In many industrial domains, full automation remains either technically infeasible, economically impractical, or too rigid to accommodate the diversity of real-world tasks and objects. In such contexts, cobots provide an attractive alternative, enabling flexible human–robot collaboration in which human adaptability and dexterity complement robotic precision and endurance.
The Robo-Gym at SUPSI, developed and coordinated by the ARM Lab (Automation, Robotics and Machines Laboratory), was established within the EU project Fluently as a hub for interactive human-robot training. As the facility’s coordinator and principal developer, the ARM Lab introduced a speech-based, multimodal interaction platform that breaks free from rigid programming while remaining robust in noisy factory environments. The platform unites three devices in one smart interface: RealWear Navigator 500 (100 dB noise-cancelled voice + assisted-reality guidance); H-Fluently (mobile with on-device ASR – Automatic Speech Recognition and MSE – Mental State Evaluation, privacy-preserving); R-Fluently (PC hosting containerized AI modules: NLU- Natural Language Understanding, HTN – Hierarchical Task Network planning and Artificial Vision). Communication across the system relies on WebRTC for low-latency audio streaming, MQTT for device messaging, and ROS2 for inter-module communication.

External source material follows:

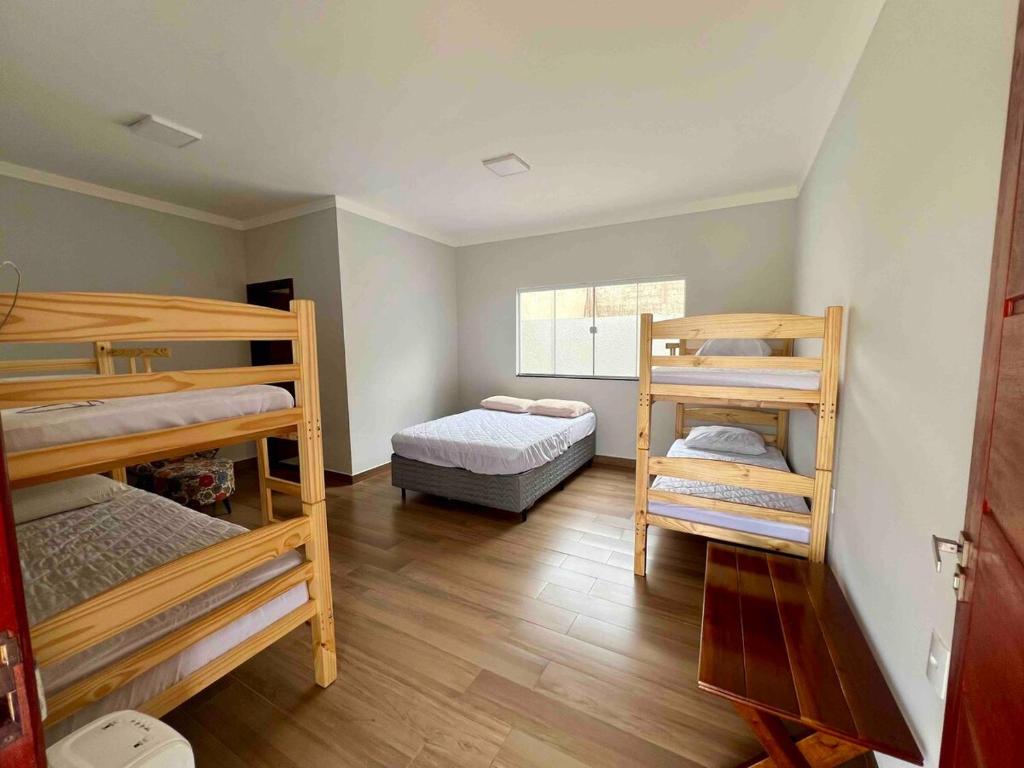 une chambre avec deux lits superposés et un lit dans l'établissement A Casinha, à Socorro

New tasks can be taught through a hybrid approach that combines speech with hand guidance, significantly reducing the learning curve and improving operational efficiency. On R-Fluently, a voice-driven module adjust the robot’s autonomy level, reallocate tasks when needed, and reconfigure the system rapidly for new applications. This makes the system particularly well suited to contexts where partial automation is preferable to full automation. For instance, experimental evaluations conducted in a disassembly workflow revealed a significant drop in programming time for operations like unscrewing, from about 500 s with Teach Pendant programming to 75 s using speech plus hand guidance (85% reduction). While ASR accuracy declined with diverse user accents and noisy environments, falling from about 75 percent under normal conditions to 64 percent at 80 dB noise levels, NLU exhibited remarkable robustness, maintaining accuracies of 86 percent and 81 percent in normal and noisy settings respectively.
This ARM Lab implementation demonstrates that by combining noise-resilient hardware, privacy-preserving speech recognition and high-level semantic understanding, the developed smart interface substantially lowers the barrier for non-expert operators in real-world scenarios while preserving the flexibility needed for effective human–robot teamwork.